* Exercise inputs
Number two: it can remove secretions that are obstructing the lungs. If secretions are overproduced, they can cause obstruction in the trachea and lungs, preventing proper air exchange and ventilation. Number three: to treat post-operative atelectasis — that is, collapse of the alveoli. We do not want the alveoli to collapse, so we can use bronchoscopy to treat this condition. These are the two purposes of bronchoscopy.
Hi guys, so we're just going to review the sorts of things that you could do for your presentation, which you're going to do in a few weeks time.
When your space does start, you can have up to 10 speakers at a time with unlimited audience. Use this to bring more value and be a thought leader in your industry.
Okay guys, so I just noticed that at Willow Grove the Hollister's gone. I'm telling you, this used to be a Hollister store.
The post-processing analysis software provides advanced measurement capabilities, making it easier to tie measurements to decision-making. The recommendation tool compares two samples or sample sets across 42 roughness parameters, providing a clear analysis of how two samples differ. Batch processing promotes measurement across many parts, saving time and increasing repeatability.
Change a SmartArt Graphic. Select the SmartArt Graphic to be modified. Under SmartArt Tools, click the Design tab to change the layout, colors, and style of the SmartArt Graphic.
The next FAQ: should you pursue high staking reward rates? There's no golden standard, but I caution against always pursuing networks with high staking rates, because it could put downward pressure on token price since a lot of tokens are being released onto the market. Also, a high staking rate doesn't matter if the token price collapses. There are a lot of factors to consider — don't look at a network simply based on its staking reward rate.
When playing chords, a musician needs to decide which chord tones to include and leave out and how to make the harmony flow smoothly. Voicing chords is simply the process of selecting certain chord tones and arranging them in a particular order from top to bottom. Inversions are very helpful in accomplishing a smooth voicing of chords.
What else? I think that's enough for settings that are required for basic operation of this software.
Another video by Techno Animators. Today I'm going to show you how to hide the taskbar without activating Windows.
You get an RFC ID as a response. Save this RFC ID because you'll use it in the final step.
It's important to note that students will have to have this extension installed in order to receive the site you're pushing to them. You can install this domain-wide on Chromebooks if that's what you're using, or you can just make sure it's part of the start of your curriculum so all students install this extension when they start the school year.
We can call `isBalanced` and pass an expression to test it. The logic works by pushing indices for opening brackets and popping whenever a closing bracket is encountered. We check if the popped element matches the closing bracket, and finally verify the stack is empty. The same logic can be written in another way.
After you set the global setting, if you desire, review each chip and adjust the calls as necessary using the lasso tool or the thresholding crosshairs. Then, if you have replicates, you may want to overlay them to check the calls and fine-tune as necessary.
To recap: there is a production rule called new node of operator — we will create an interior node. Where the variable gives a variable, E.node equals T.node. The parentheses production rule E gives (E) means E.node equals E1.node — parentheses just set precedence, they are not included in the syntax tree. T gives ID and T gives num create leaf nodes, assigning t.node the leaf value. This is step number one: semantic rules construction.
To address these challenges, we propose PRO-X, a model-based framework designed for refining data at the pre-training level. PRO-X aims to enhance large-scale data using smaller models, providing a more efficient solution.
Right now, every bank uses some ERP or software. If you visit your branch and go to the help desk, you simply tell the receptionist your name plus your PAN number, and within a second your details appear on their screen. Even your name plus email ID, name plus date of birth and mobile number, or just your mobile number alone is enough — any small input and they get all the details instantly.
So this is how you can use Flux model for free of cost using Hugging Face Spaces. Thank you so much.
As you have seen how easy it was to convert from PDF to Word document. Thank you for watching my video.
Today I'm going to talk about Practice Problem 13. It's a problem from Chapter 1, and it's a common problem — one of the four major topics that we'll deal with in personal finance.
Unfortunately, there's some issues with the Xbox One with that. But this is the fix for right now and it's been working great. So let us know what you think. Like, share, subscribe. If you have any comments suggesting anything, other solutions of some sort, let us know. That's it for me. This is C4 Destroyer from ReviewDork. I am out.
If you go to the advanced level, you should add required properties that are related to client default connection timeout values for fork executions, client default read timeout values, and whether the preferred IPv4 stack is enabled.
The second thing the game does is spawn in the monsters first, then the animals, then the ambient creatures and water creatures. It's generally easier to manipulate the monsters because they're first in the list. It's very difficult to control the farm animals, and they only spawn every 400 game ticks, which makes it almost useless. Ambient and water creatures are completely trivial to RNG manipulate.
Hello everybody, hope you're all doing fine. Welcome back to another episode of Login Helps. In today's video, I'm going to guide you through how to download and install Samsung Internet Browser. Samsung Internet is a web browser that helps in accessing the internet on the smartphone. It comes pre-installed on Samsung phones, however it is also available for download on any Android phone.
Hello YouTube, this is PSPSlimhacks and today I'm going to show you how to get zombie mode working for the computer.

* Try it
Every line of the data above that includes "some" should be listed.

* Result of the exercise
Right now, every bank uses some ERP or software. If you visit your branch and go to the help desk, you simply tell the receptionist your name plus your PAN number, and within a second your details appear on their screen. Even your name plus email ID, name plus date of birth and mobile number, or just your mobile number alone is enough — any small input and they get all the details instantly.
Unfortunately, there's some issues with the Xbox One with that. But this is the fix for right now and it's been working great. So let us know what you think. Like, share, subscribe. If you have any comments suggesting anything, other solutions of some sort, let us know. That's it for me. This is C4 Destroyer from ReviewDork. I am out.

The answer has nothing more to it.